My heartfelt thanks are extended to the United States Postal Service, which has just sent me robust apologies for destroying a letter addressed to me from, I presume, a reader of this newspaper who (I think) sent me kind words and best wishes, but whose identity is forever lost. The Postal Service communicated to me in a plastic envelope that bears a printed condolence and contained a shred of said letter, indicating to my quick perceptions that this kind of foolishment occurs often enough so they are prepared for it.
I take it my letter tangled with a robot somewhere and the robot won. The single shred, or scrip, of paper salvaged from this disaster has the following: "You left out the bucket rope." That is all my unknown friend got for his 33 cents, and I have no idea how the postal folks found my name to apologize. The name of the sender is lost, so the postal people can't return his 33 cents, ha-ha.

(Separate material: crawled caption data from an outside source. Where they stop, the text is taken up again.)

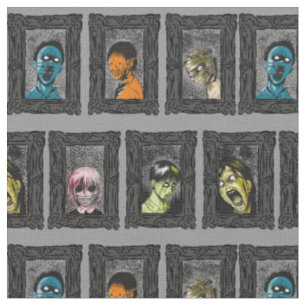 Tissu Monsters Portraits illustrations Déplaisantes Zom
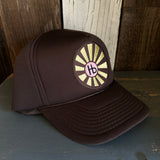 Hermosa Beach SUNBEAMS Winter All Foam Cap Hat - Brown
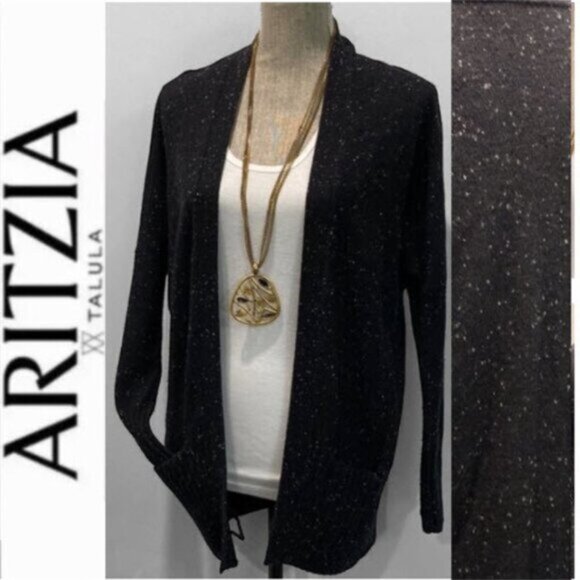 Aritzia Black Angora Wool Cardigan - Picture 2 of 15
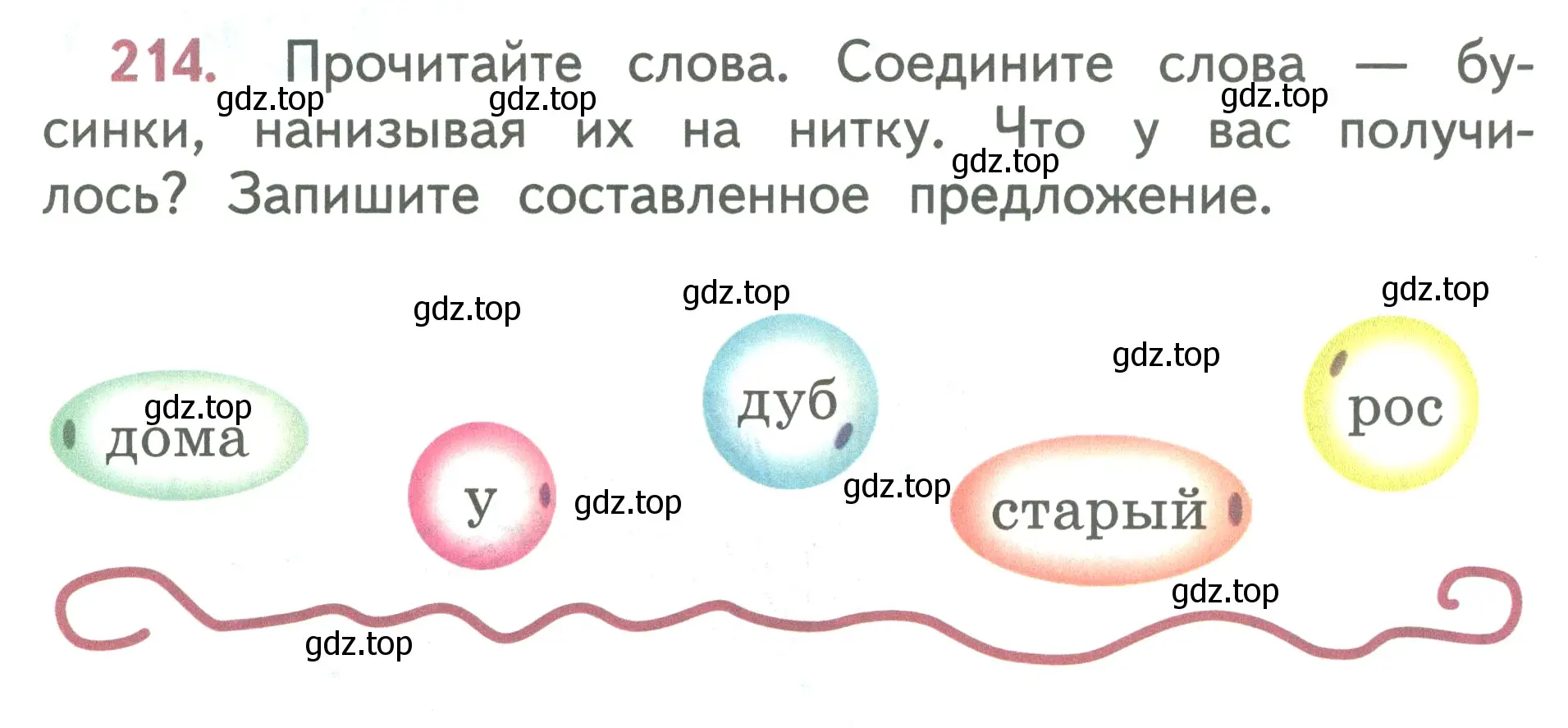 Условие номер 214 (страница 124) гдз по русскому языку 2 класс Климанова, Бабушкина, учебник 2 часть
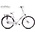 Vogue omafiets 28 tommer hvid daisy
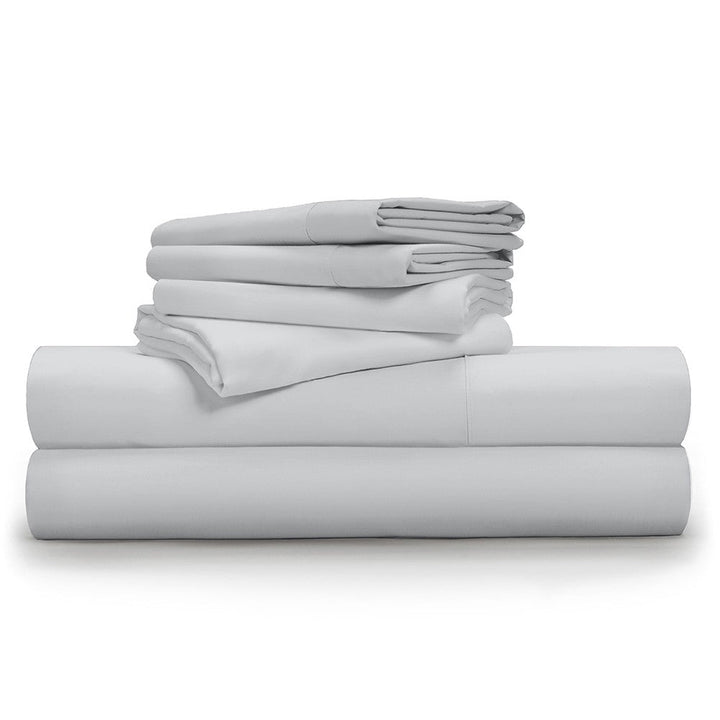 Pillow Guy Soft & Smooth Tencel Sheet 6-Piece Set, Light Grey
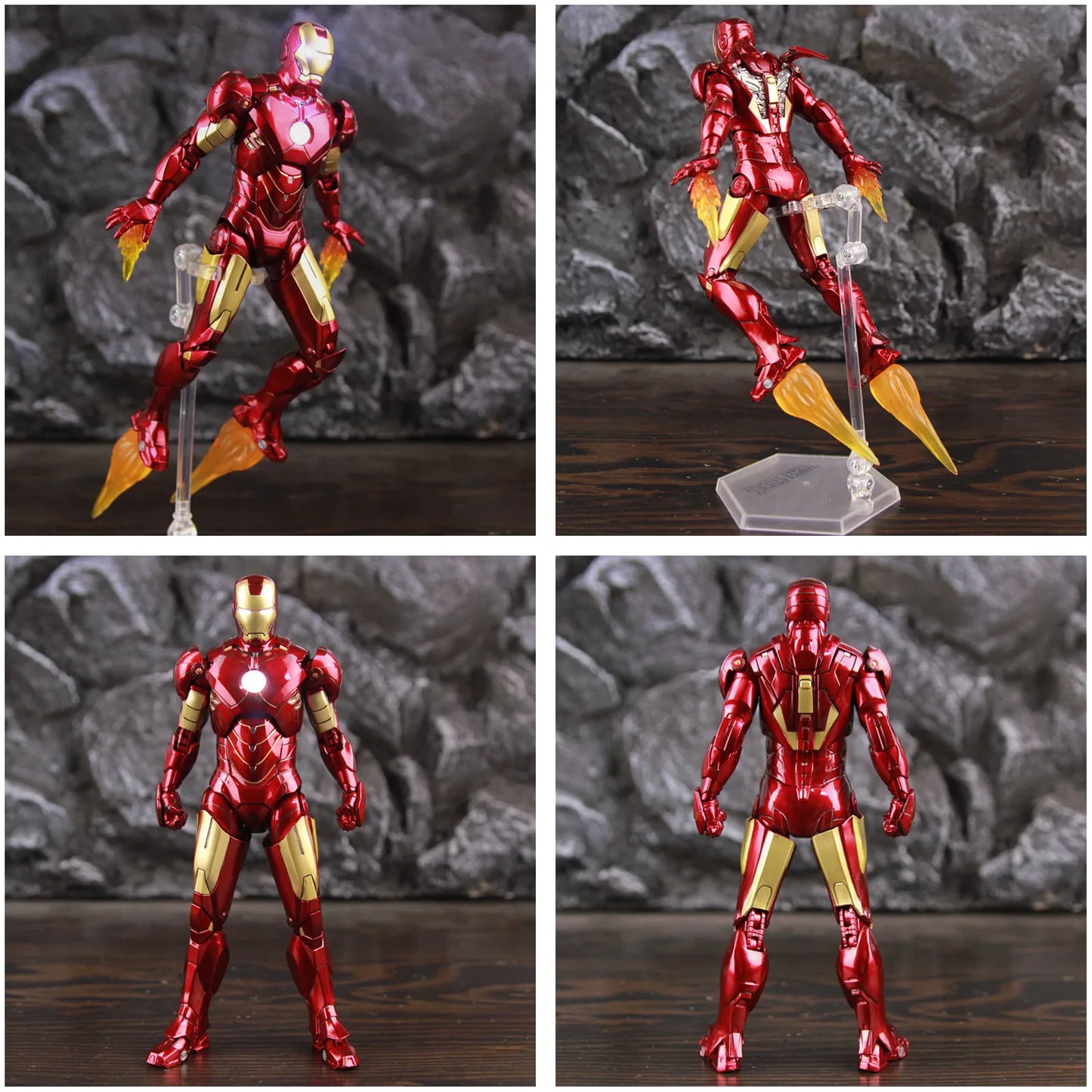 LED Figur Avengers Iron Man Mark IV - Flammen-Antriebseffekt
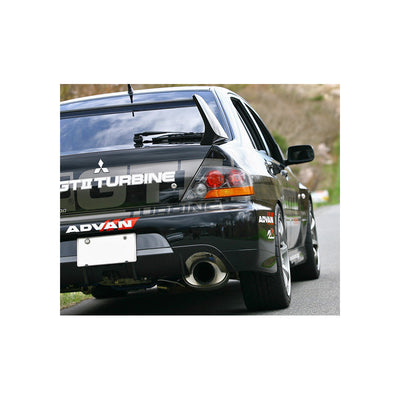 HKS Super Turbo Muffler EXHAUST For MITSUBISHI LANCER EVOLUTION CT9A EVO 9 IX IX MR 4G63 MIVEC TURBO EVO9 EVO9MR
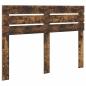 Preview: Kopfteil mit Kopfteil Geräucherte Eiche 160 cm Holzwerkstoff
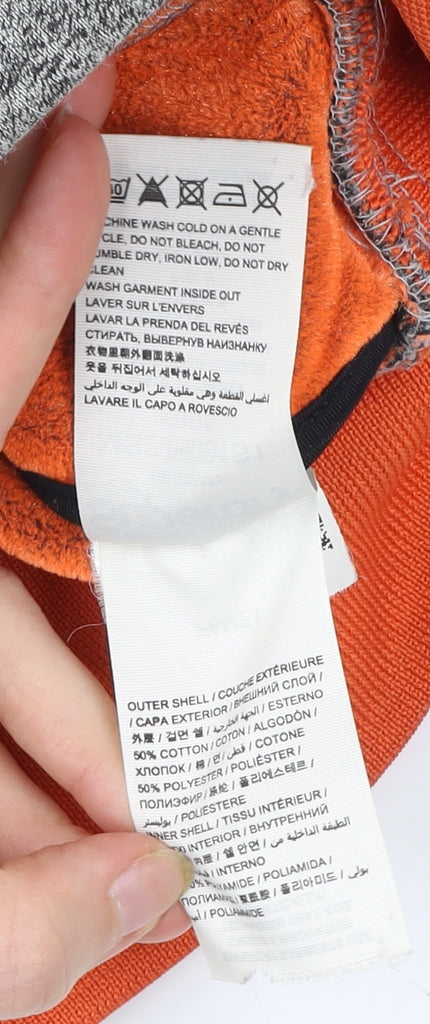 Superdry Men’s Grey Full Zip Hoodie L Logo Detail Hooded Sweatshirt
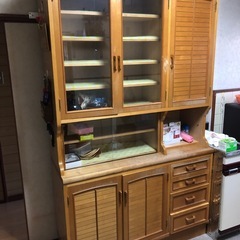 ⭐️無料🤲　食器棚です‼️の画像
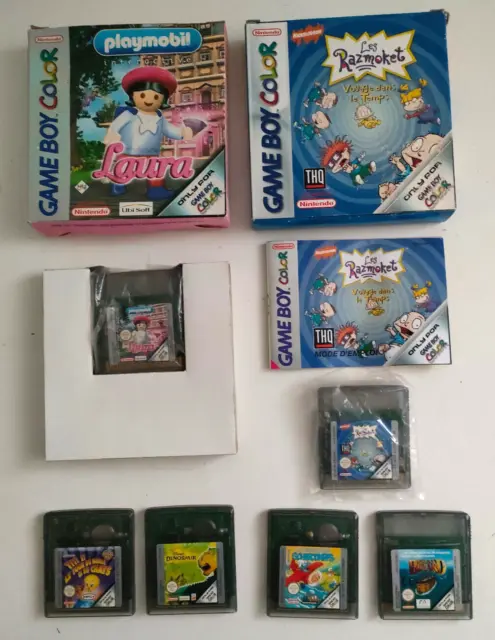 Nintendo Gameboy Color lot de 6 jeux dont 2 en boites GBC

But we do know that reference was to my discussion (Monitor, March 26) of sailors "learning the ropes," and how at sea there aren't many ropes to learn. The man rope, the foot rope, the bell rope, the bucket rope to be sure. Then everything else is a line, sheet, halyard, twine, hawser, painter, or warp. The fact that my lost letter-writer wrote "bucket" betrays him as a seafaring man (or woman) since at sea there are no pails. Only buckets.
I did leave out the bucket rope, but not because I didn't know about it. Up on the St. Lawrence River, a few miles below Rivire du Loup, there is a small village named Trois Pistoles. A pistole (pis-TOHL) was at first a Spanish gold coin worth maybe a dollar, but the word came to mean any of many European gold coins and by the time it got to French Canada a pistole meant merely a coin, any coin.
So this small seasonal Canadian town, farming and fishing, was named Three Pistoles, and this is the story: A sailor on a vessel passing up the St. Lawrence dipped his bucket to got some wash water. Then the string on his bucket parted, and he watched his bucket as it floated downstream in the current and was gone. So he said, "Well, there go three pistoles!" which would be the price of a new bucket.
The last time I was in Trois Pistoles, a quirky character had a small bait-house shop on the waterfront with a sign: "The Old Fisherman of Trois Pistoles," He did keep a fresh fish, and he had smoked salmon, and then he had a few souvenirs he'd whittled that were nice. He considered himself the main attraction of the town. And in his greeting to folks he would say, "When I first came here, this was only One Pistole."
Dipping water from a boat or wharf with a pail on a rope requires know-how. It isn't easy for a novice. If you just lower the bucket by the rope, it arrives at the water brim up, and in that position can't take in any water. Some experts have mastered a quick flip of the rope, which turns the bucket rim-down. But the way most generally used is to hold the slack rope in one hand, and cast the bucket so it hits the water upside-down. Then you draw up the bucket of water. If this is not neatly done the first time, the bucket will then be brought up empty to be cast again.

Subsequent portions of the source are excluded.